Nutrition Information

Yield

8

Serving Size

1

Amount Per Serving Calories 266Total Fat 14gSaturated Fat 6gTrans Fat 0gUnsaturated Fat 8gCholesterol 121mgSodium 694mgCarbohydrates 8gFiber 1gSugar 4gProtein 27g

The recipes and nutritional information on Crock Pot Meal are for informational purposes only. Always consult a healthcare provider for personalized dietary advice.

Ingredients Notes

  • Chicken: Boneless, skinless chicken thighs offer juicy flavor; breasts are a leaner alternative.
  • Carrots: Fresh carrots add sweetness and crunch; baby carrots save prep time.
  • Celery: Fresh celery provides savory depth; ensure freshness for best flavor.
  • Onion: Yellow onion builds a savory base; leeks offer a milder taste.
  • Cream of Mushroom Soup: Canned soup adds creamy richness; homemade or cream of chicken can substitute.
  • Cheddar Cheese: Shredded cheddar adds tangy depth; colby or mozzarella work too.
  • Chicken Broth: Low-sodium broth controls saltiness; vegetable broth is a lighter option.
  • Thyme: Dried thyme adds earthy warmth; fresh thyme or rosemary can substitute.

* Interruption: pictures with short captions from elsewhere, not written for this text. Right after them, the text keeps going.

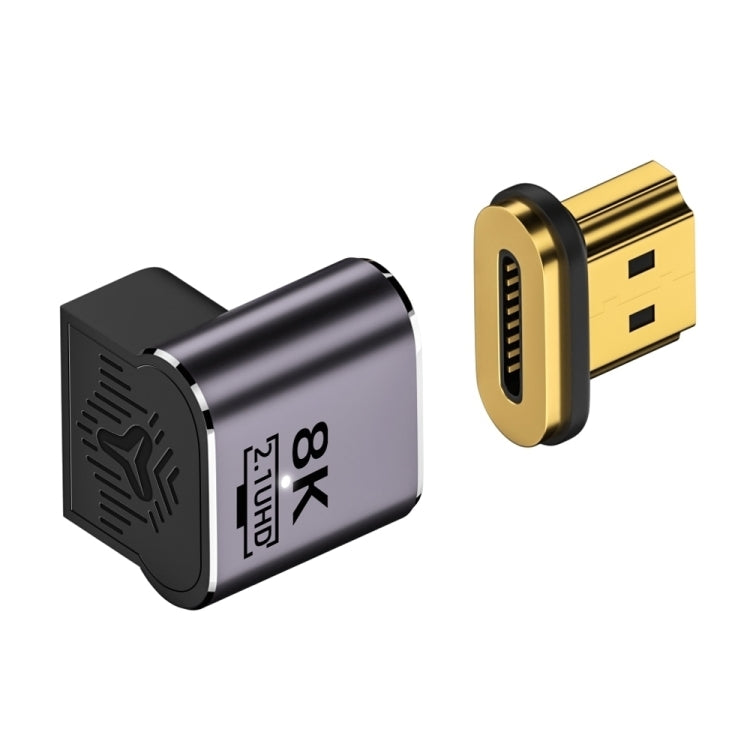 8K 60Hz HDTV to HDTV Magnetic Adapter, 3D Curved Female Vertical Reverse Side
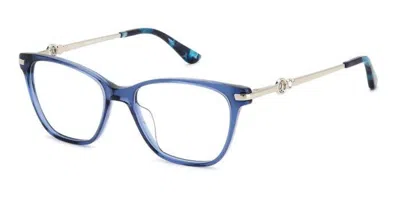 Juicy Couture Ju 242/g Pjp Women's Glasses Blue Size 52 - Free Lenses - Blue Light Block Available In Transparent Blue
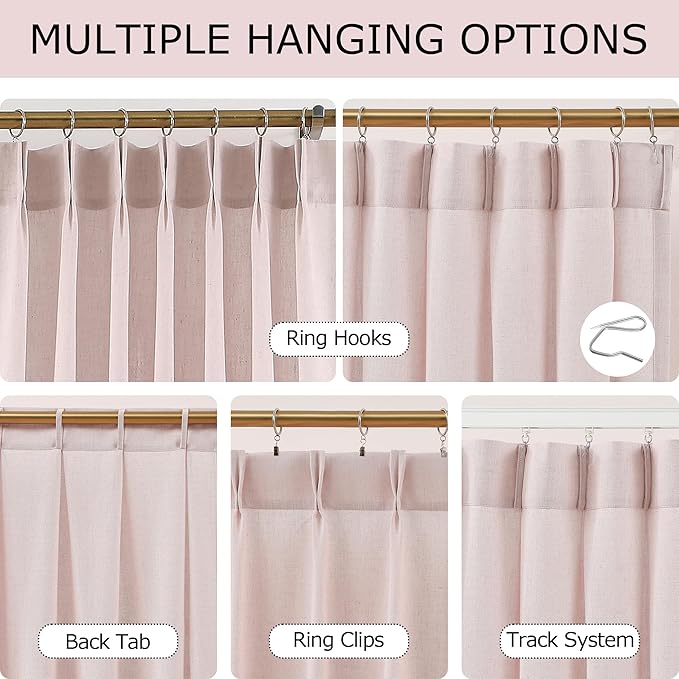 Vision Home Light Pink Pinch Pleated Semi Sheer Curtains Textured Linen Blended Light Filtering Window Curtains 72 inch for Living Room Bedroom Pinch Pleat Drapes with Hooks 2 Panels 40" Wx72 L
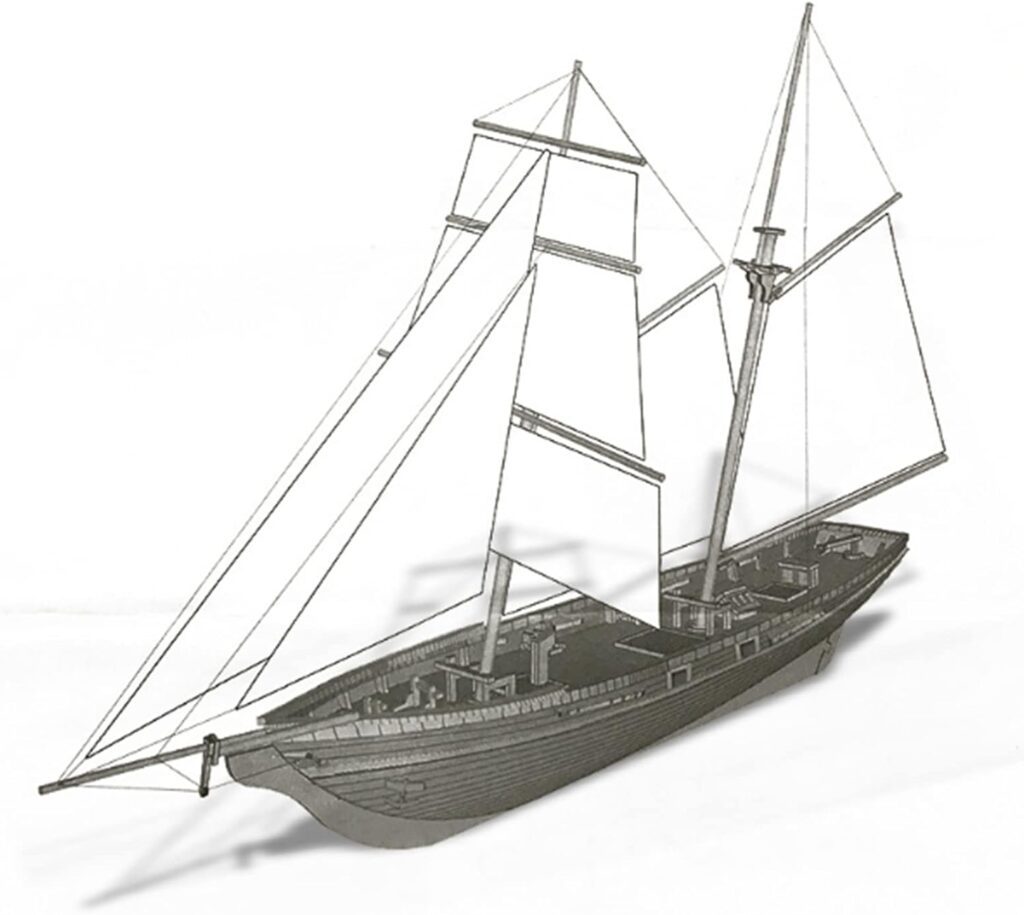 HAPYLY Scale DIY Hobby Wooden Ship Science Equipmen Assembly Model Boat Kits Sailing Boat Kit Decor Toy Gift (1:70)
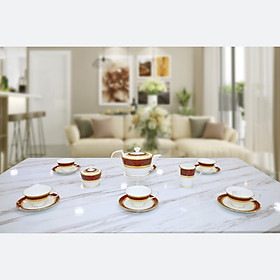 Mua Bộ trà sứ xương cao cấp NORITAKE HEMINGWAY 4733 màu đỏ  mạ vàng - Xuất xứ Nhật Bản - Hàng chính hãng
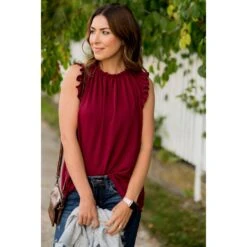 Dressy Ruffle Cinch Tank Blouse -Women's Clothing Store BB 1309 0e10ff5a 0a84 42ed 8c8d 802666933f6d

Variations and Substitutions

  • Protein Swap: Use turkey, pork, or tofu for a vegetarian version; adjust cooking time.
  • Veggie Add-Ins: Include peas, green beans, or mushrooms for extra nutrition and variety.
  • Dairy-Free: Use coconut milk or dairy-free cream soup and omit cheese for a dairy-free version.
  • Gluten-Free: Use gluten-free cream soup and ensure broth is gluten-free certified.
  • Low-Sodium: Use low-sodium broth and soup; reduce added salt to taste.
  • Spicy Twist: Add red pepper flakes or cayenne for a subtle heat boost.
  • Grain Addition: Mix in cooked rice or quinoa for a heartier casserole.

Storage Options

  • Refrigerator: Store in an airtight container for up to 4 days; reheat gently in the microwave or oven.
  • Freezer: Freeze for up to 3 months; thaw in the fridge before reheating.
  • Reheating: Warm with a splash of broth to maintain moisture; stir well.
  • Meal Prep: Portion into containers for easy lunches or dinners throughout the week.